No withdrawal was in terms authorized, yet a withdrawal was in fact made extending not merely to the Raccoon Fork, but above it, to the northern boundary of the territory. The supreme court held that the grant only extended to the Raccoon Fork, but sustained the validity of the entire withdrawal. In 5 Wall, supra, the court said:

562

“It has been argued that these lands had not been reserved by competent authority, and hence that the reservation was nugatory. As we have seen, they were reserved from sale for the special purpose of aiding in the improvement of the Des Moines river, first, by the secretary of the treasury, when the land department was under his supervision and control, and again by the secretary of the interior after the establishment of this department, to which the duties were assigned, and afterwards continued by this department under instructions from the president and cabinet. Besides, if this power was not competent, which we think it was ever since the establishment of the land department, and which has been exercised down to the present time, the grant of eighth of August, 1846, carried along with it, by necessary implication, not only the power, but the duty, of the land-office to reserve from sale the lands embraced in the grant; otherwise its object might be utterly defeated. Hence, immediately upon a grant being made by congress, for any of these public purposes, to a state, notice is given by the commissioner of the land-office to the registers and receivers to stop all sales, either public or by private entry. Such notice was given the same day the grant was made, in 1856, for the benefit of these railroads.”

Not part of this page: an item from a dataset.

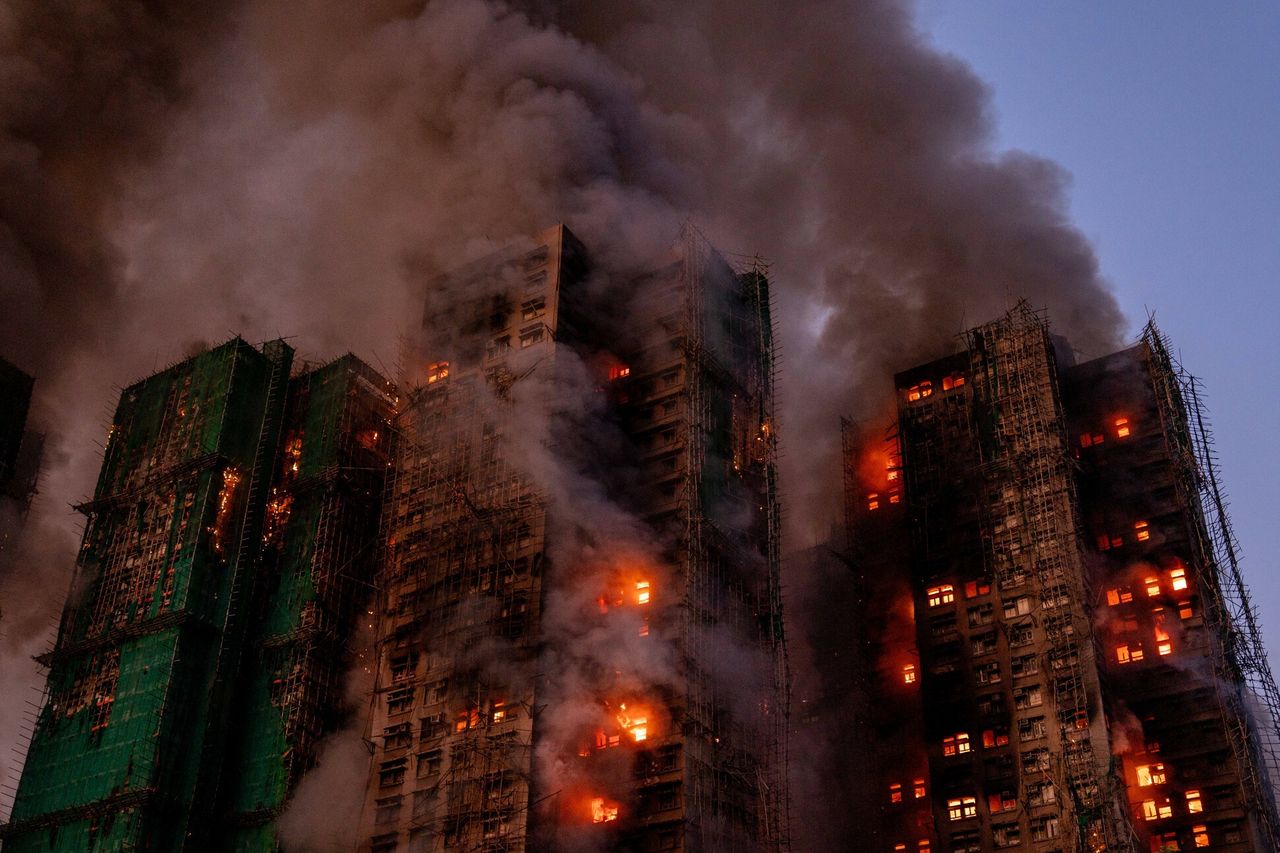 Ludzie wciąż uwięzieni. Rośnie liczba ofiar w Hongkongu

And also, in the same case, it was held that a railroad grant of like import with that in question here was not operative within the limits of the withdrawal.

Again, the extent of the withdrawal is challenged. While no express direction or withdrawal is found in the Northern Pacific act, yet its language contemplates a withdrawal, but only from “sale, entry, and pre-emption,” and therefore impliedly forbids a withdrawal for any other purpose, and the case of Kansas Pac. Ry. Co. v. Dunmeyer, 113 U. S. 629, S. C. 5 Sup. Ct. Rep. 566, is cited as authority. That case decides that where an act directs the secretary of the interior, upon the filing of a map of general route, to withdraw certain lands from “sale,” the filing of the map has no further force than to carry into effect the law, and does not operate as a withdrawal from homestead and pre-emption. Expressio unius est exclusio alterius was invoked. But here there was no express direction of withdrawal. The general powers of the land department were not limited. The withdrawal was in fact made. It was in existence and a public record in the offices at Washington at the time the act of 1871 was passed. Congress may be presumed to have acted with knowledge of this fact. If it had intended to stamp with the seal of disapprobation this act of the land department as a usurpation of authority, it could easily have expressed that intent in clear and unmistakable terms. On the contrary, its language seems rather an approval of the action of that department, and to make a grant subject to the reservations created thereby. I can come to no other conclusion than that the withdrawal was valid, and that the grant to the St. Paul & Pacific never had operative force within its limits. The only remaining lands are those outside these withdrawal limits, but within the indemnity limits of the Northern Pacific. As to them but a word is necessary. No rights are acquired until selection. Ryan v. Railroad Co., 99 U. S. 382; Grinnell v. Railroad Co., 563103 U. S. 739. No prior selection on the part of the Northern Pacific is shown. Its claim that, as the holder of the prior grant, it has a reasonable time in which to make a selection, if good in law, which I doubt, is not sustained by the facts.

A decree will therefore be entered in favor of the Northern Pacific Company as to all lands within its place limits, and also within the limits of the withdrawal of October 12, 1870, and dismissing the supplemental bill of the St. Paul, Minneapolis & Manitoba Railway Company at its costs. The case will be referred to a master to report the lands coming within the limits named.